# Main bathroom remodel



## MagicalHome (Apr 12, 2010)

My friend has a very, very small MAIN bathroom in his house. The dimentions are approx. 5'Wide X 10' Long. Are there any good websites that give ideas, pictures, and so forth of what might give us some realistic ideas. Thank you for your help.


----------



## JakAHearts (Apr 20, 2010)

Im not aware of any sites specific to "small" bathrooms but I did recently shop for thin and shallow vanities. Check out Ikea's line of bathroom prodcuts. They are nice if you like the styling and are only 18 inches deep so they save a good amount of room while providing a signifigant amount of storage. Also, if youre looking for a very modern look, I stuck this vanity (small and thin) http://www.amazon.com/Pegasus-PE714107-18-Inch-Granite-Espresso/dp/B001PA7U02 w/ a matching sink (youll want a 14 inch with this small vanity) from here. http://www.overstock.com/search?keywords=vessel+sink&SearchType=Header Not sure if it is your style but it was pretty cheap and looks really rich in my opinion. I got the vanity from Home Depot for 200 bucks, in stock at a local store, though their website says online only. Hope that helps.

Shane


----------



## MagicalHome (Apr 12, 2010)

JakAHearts said:


> Im not aware of any sites specific to "small" bathrooms but I did recently shop for thin and shallow vanities. Check out Ikea's line of bathroom prodcuts. They are nice if you like the styling and are only 18 inches deep so they save a good amount of room while providing a signifigant amount of storage. Also, if youre looking for a very modern look, I stuck this vanity (small and thin) http://www.amazon.com/Pegasus-PE714107-18-Inch-Granite-Espresso/dp/B001PA7U02 w/ a matching sink (youll want a 14 inch with this small vanity) from here. http://www.overstock.com/search?keywords=vessel+sink&SearchType=Header Not sure if it is your style but it was pretty cheap and looks really rich in my opinion. I got the vanity from Home Depot for 200 bucks, in stock at a local store, though their website says online only. Hope that helps.
> 
> Shane


Thanks for your advice. I'll tell my friend about this


----------



## vsheetz (Sep 28, 2008)

5x10' is a common bathroom size - as is 5x8'. 5' tub/shower across one end - vanity and toilet one one wall - door opposite end from the tub/shower or in wall opposite the vanity and toilet. I recently remodeled such a 5x10 bathroom. Used a standalone shallow depth 30" wide vanity made a big difference in the actual amount of space available and the feel of spaciousness.


----------



## Jim F (Mar 4, 2010)

vsheetz said:


> 5x10' is a common bathroom size - as is 5x8'. 5' tub/shower across one end - vanity and toilet one one wall - door opposite end from the tub/shower or in wall opposite the vanity and toilet.

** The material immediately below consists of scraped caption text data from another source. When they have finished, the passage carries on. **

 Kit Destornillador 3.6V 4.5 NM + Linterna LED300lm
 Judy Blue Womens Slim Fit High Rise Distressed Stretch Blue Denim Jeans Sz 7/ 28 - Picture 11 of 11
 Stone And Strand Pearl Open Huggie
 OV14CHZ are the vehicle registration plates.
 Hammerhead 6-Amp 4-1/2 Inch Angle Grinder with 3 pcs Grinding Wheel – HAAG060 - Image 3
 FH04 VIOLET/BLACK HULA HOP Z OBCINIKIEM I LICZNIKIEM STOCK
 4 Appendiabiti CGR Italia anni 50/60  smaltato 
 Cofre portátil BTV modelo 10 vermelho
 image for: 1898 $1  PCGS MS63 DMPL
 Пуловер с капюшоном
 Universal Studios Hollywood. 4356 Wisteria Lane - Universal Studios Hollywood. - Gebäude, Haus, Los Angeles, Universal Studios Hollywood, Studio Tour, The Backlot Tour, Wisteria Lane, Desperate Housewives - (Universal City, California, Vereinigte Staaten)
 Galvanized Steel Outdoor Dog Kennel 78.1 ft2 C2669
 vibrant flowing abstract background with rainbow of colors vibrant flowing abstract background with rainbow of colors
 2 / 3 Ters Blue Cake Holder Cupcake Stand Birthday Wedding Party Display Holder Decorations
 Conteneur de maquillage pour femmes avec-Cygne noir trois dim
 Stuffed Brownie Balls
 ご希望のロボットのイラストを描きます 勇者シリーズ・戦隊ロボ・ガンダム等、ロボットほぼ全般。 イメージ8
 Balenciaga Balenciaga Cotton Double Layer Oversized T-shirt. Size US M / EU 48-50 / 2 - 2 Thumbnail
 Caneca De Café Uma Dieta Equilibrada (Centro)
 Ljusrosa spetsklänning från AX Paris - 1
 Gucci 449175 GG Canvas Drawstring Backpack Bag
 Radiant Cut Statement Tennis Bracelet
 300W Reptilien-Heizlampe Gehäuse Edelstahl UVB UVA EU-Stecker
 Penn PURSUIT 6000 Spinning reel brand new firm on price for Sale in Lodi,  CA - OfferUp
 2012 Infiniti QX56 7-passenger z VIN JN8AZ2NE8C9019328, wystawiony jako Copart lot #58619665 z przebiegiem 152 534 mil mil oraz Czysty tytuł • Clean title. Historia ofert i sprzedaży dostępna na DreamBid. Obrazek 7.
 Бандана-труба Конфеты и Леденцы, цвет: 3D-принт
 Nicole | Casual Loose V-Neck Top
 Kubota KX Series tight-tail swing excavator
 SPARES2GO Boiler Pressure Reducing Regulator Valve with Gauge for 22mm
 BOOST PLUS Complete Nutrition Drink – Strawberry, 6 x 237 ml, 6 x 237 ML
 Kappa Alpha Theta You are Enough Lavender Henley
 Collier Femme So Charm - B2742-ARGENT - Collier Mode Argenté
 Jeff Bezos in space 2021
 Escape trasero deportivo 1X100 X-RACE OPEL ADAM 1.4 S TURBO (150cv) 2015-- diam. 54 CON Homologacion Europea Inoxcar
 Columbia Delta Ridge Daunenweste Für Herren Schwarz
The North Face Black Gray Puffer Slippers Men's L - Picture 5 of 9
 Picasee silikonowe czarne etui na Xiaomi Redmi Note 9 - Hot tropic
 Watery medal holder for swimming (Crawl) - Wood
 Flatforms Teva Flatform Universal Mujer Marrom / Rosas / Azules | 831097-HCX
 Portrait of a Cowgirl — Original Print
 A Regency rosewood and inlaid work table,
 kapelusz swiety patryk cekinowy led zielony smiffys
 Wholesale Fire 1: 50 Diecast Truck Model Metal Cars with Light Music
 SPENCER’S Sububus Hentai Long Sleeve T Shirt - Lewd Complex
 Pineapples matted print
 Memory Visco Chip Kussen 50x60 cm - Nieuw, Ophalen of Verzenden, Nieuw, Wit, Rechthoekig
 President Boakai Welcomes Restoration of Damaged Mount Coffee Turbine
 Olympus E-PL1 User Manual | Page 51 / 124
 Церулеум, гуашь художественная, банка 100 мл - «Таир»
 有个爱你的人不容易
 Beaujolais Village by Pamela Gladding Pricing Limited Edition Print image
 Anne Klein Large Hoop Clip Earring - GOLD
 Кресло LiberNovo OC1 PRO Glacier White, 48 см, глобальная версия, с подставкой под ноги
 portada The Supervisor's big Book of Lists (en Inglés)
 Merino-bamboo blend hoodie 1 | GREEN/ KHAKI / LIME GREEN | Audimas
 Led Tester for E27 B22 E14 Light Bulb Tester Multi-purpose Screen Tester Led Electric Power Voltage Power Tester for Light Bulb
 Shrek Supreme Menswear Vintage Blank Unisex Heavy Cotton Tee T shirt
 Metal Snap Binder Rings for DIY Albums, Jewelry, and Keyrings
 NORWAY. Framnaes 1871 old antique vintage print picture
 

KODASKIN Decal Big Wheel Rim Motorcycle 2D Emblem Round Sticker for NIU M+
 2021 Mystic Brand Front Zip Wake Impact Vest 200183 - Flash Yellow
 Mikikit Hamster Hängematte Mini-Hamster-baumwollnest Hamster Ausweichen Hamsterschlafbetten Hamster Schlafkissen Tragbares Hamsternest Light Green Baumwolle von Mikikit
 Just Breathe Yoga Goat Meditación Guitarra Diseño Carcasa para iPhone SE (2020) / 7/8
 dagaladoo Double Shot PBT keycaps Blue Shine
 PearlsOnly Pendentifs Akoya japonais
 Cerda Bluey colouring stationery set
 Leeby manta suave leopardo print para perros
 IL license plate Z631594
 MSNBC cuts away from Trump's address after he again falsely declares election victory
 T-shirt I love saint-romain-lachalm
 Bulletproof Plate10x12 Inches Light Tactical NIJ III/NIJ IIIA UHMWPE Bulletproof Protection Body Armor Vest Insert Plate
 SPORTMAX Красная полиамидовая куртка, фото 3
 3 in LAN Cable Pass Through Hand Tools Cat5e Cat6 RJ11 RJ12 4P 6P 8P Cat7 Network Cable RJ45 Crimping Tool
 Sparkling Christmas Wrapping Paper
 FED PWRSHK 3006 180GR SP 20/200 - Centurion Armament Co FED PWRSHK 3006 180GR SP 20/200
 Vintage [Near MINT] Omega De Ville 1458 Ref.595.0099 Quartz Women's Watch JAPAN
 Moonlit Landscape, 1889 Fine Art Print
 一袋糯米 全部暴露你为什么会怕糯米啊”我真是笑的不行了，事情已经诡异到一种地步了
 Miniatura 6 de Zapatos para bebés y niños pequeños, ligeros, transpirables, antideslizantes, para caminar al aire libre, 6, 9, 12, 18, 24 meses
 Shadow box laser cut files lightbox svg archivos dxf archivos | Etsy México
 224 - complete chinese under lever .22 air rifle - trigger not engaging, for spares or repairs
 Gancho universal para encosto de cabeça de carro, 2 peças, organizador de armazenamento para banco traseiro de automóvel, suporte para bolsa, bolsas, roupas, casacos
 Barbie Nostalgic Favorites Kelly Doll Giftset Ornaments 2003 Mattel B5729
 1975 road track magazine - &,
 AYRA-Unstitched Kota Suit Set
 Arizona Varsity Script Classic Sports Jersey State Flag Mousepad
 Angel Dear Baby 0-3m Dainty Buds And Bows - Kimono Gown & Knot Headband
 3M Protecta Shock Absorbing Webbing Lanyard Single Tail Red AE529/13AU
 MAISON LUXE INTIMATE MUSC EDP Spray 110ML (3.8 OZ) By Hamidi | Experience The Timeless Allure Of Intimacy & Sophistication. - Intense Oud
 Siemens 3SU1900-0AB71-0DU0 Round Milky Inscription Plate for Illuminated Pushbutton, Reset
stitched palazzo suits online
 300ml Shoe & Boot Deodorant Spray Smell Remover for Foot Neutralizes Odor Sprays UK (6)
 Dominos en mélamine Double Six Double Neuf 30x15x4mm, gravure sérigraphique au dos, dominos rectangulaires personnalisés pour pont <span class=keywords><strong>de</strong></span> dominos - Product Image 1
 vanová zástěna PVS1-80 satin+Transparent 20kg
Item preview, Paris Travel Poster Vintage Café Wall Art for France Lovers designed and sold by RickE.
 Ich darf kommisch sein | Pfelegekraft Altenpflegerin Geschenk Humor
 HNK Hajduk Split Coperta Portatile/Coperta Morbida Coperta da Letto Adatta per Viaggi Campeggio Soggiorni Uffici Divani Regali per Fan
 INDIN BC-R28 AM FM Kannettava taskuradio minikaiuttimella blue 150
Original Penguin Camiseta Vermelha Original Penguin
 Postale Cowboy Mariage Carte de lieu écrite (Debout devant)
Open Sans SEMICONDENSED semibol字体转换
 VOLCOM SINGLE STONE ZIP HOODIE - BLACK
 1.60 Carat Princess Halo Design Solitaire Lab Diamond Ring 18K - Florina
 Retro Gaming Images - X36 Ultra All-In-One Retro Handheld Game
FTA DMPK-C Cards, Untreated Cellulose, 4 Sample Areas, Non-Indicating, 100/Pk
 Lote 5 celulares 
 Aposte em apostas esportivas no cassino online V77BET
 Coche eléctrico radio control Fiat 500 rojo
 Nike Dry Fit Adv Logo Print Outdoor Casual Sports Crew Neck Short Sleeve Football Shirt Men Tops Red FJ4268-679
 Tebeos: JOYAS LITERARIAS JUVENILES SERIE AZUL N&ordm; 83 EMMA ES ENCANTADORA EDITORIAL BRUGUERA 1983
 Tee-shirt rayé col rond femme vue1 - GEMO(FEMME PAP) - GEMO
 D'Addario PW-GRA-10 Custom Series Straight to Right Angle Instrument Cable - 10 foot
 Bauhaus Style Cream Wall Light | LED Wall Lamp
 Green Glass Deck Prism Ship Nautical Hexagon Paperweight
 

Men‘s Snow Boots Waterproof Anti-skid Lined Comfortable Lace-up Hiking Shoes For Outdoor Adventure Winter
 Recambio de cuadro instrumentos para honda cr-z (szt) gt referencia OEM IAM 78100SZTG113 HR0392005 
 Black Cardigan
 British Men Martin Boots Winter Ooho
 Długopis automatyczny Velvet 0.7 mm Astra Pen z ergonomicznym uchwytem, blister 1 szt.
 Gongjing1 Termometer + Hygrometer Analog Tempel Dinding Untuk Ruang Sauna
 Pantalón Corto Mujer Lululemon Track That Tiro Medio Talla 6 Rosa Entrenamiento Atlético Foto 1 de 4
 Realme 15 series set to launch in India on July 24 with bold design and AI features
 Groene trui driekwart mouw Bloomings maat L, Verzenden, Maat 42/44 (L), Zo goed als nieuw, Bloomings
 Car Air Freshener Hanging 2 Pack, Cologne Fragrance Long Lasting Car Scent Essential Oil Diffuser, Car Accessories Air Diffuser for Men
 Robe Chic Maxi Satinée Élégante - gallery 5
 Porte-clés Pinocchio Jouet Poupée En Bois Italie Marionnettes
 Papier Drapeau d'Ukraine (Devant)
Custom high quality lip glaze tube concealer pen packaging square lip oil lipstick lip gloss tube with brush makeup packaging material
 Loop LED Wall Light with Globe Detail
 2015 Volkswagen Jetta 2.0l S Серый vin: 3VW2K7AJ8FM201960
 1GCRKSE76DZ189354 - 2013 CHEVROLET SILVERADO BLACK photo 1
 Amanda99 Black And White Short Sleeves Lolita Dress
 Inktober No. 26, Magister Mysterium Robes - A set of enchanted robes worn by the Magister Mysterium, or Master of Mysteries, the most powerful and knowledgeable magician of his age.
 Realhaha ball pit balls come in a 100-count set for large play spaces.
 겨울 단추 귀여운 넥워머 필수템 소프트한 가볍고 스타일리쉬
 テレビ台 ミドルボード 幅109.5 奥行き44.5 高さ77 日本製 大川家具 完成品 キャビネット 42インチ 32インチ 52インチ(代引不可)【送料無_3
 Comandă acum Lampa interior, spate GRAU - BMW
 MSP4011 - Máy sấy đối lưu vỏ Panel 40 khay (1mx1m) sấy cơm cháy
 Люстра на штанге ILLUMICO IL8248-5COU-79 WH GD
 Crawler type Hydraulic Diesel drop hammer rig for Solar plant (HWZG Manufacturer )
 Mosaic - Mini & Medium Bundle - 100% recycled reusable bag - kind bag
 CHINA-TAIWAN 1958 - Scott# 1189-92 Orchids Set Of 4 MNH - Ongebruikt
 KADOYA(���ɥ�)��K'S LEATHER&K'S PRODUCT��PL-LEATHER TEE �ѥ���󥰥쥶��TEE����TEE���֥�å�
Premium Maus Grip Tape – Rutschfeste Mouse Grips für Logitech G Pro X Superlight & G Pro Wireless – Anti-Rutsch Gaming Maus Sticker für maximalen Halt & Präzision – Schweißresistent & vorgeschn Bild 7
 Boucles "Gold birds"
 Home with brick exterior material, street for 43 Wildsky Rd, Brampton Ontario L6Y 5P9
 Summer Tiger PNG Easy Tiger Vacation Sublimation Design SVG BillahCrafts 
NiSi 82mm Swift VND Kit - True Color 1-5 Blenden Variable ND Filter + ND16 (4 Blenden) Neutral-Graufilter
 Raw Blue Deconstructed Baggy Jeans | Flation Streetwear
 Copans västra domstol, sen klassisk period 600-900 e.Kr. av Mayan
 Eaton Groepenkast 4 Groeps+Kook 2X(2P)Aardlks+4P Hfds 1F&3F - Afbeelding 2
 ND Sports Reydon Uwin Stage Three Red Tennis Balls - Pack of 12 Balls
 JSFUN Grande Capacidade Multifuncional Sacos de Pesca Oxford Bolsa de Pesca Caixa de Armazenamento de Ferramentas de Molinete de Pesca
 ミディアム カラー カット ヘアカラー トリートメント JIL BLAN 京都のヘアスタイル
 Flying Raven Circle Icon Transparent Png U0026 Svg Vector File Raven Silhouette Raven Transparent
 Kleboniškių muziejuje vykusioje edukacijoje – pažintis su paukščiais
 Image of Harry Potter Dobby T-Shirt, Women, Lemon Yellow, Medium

I recently remodeled such a 5x10 bathroom. Used a standalone shallow depth 30" wide vanity made a big difference in the actual amount of space available and the feel of spaciousness.


I've seen tub along one wall vanity against opposite wall which gives you the entire 5 ft for the vanity top and a toilet opposite the door. Not room for linen closet though.


----------